Final project for Erin Liu
Nowadays when people book hotels, there are many factors that could affect the daily price of the hotel rooms (known as ADR: The number represents the average rental income per paid occupied room in a given time period[1]). In this project, I will be using the advanced dataset “hotel_bookings.csv” from the “Sample Datasets” section on Google Classroom and I will be studying the relationship between ADR(average daily rate for hotel booking) and the one of the most important factors that play a role in people’s decision in terms of booking hotel: lead_time, the amount of time period people book the hotel ahead of, and try to find a conclusion of which situation will give the cheapest daily rate between two different hotel types: city hotel and resort hotel.
HW3_data<- read.csv('/Users/erinliu/Downloads/hotel_bookings.csv',TRUE,',')
Since I will be studying the influence of different factors on ADR, I will first need to clean the dataset to have all positive ADR. In addition, I will shorter the range of lead_time to be between 0 and 300 and ADR below 300 for further analysis.
mean, median, and standard deviation for numerical variables, and frequencies for categorical variables.
summarize(resort_hotel_data, mean.resort_lead_time = mean(`lead_time`),
mean.resort_ADR = mean(`adr`),
mean.resort_days_weekend_stay = mean(`stays_in_weekend_nights`),
mean.resort_days_weekday_stay = mean(`stays_in_week_nights`))
mean.resort_lead_time mean.resort_ADR mean.resort_days_weekend_stay
1 89.52453 97.55005 1.25622
mean.resort_days_weekday_stay
1 3.271196
summarize(resort_hotel_data, median.resort_lead_time = median(`lead_time`),
median.resort_ADR = median(`adr`),
median.resort_days_weekend_stay = median(`stays_in_weekend_nights`),
median.resort_days_weekday_stay = median(`stays_in_week_nights`))
median.resort_lead_time median.resort_ADR
1 65 79.135
median.resort_days_weekend_stay median.resort_days_weekday_stay
1 1 3
summarize(resort_hotel_data, sd.resort_lead_time = sd(`lead_time`),
sd.resort_ADR = sd(`adr`),
sd.resort_days_weekend_stay = sd(`stays_in_weekend_nights`),
sd.resort_days_weekday_stay = sd(`stays_in_week_nights`))
sd.resort_lead_time sd.resort_ADR sd.resort_days_weekend_stay
1 81.72569 58.94009 1.143435
sd.resort_days_weekday_stay
1 2.446155
summarize(city_hotel_data, mean.city_lead_time = mean(`lead_time`),
mean.city_ADR = mean(`adr`),
mean.city_days_weekend_stay = mean(`stays_in_weekend_nights`),
mean.city_days_weekday_stay = mean(`stays_in_week_nights`))
mean.city_lead_time mean.city_ADR mean.city_days_weekend_stay
1 91.16719 108.6206 0.8371763
mean.city_days_weekday_stay
1 2.251454
summarize(city_hotel_data, median.city_lead_time = median(`lead_time`),
median.city_ADR = median(`adr`),
median.city_days_weekend_stay = median(`stays_in_weekend_nights`),
median.city_days_weekday_stay = median(`stays_in_week_nights`))
median.city_lead_time median.city_ADR median.city_days_weekend_stay
1 69 101 1
median.city_days_weekday_stay
1 2
summarize(city_hotel_data,
sd.city_lead_time = sd(`lead_time`),
sd.city_ADR = sd(`adr`),
sd.city_days_weekend_stay = sd(`stays_in_weekend_nights`),
sd.city_days_weekday_stay = sd(`stays_in_week_nights`))
sd.city_lead_time sd.city_ADR sd.city_days_weekend_stay
1 78.32797 36.94334 0.8889769
sd.city_days_weekday_stay
1 1.465679
This is the visualization between the city_lead_time_category and the count in each category.

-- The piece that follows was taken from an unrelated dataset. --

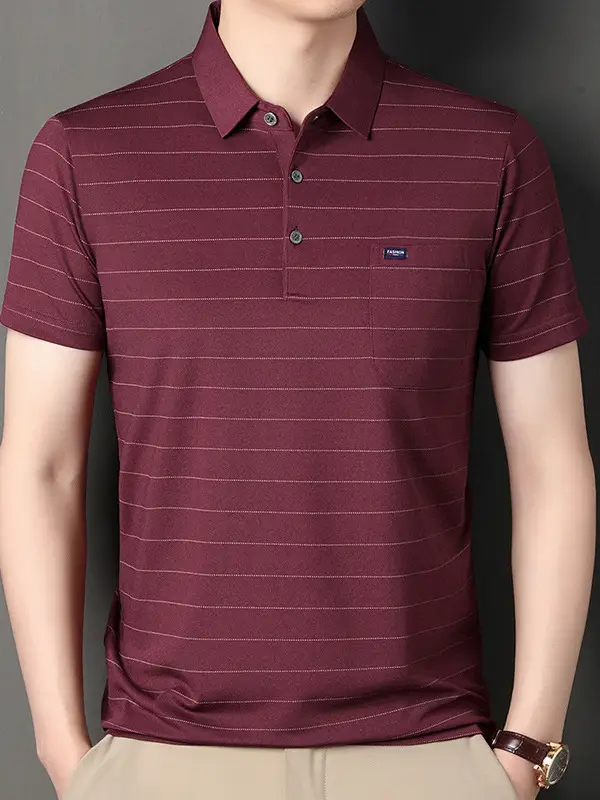 Men's Maroon Striped Polo Shirt Summer Casual Short Sleeve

It shows the distribution of lead_time data in different ranges. We can tell from this graph that most of the lead_time happen in the range of 0-60 and the number of count decreases as lead_time goes larger.
city_hotel_data %>%
group_by(city_lead_time_category=cut(lead_time, breaks= seq(0, 300, by = 30), right=F) ) %>%
summarise(lead_time_frequency= n()) %>%
arrange(as.numeric(city_lead_time_category)) %>%
ggplot(aes(city_lead_time_category, group = 1)) +
geom_line(aes(y = lead_time_frequency, colour = "days that people book the hotel prior")) +
labs(title = "Density for lead_time groups for city hotel")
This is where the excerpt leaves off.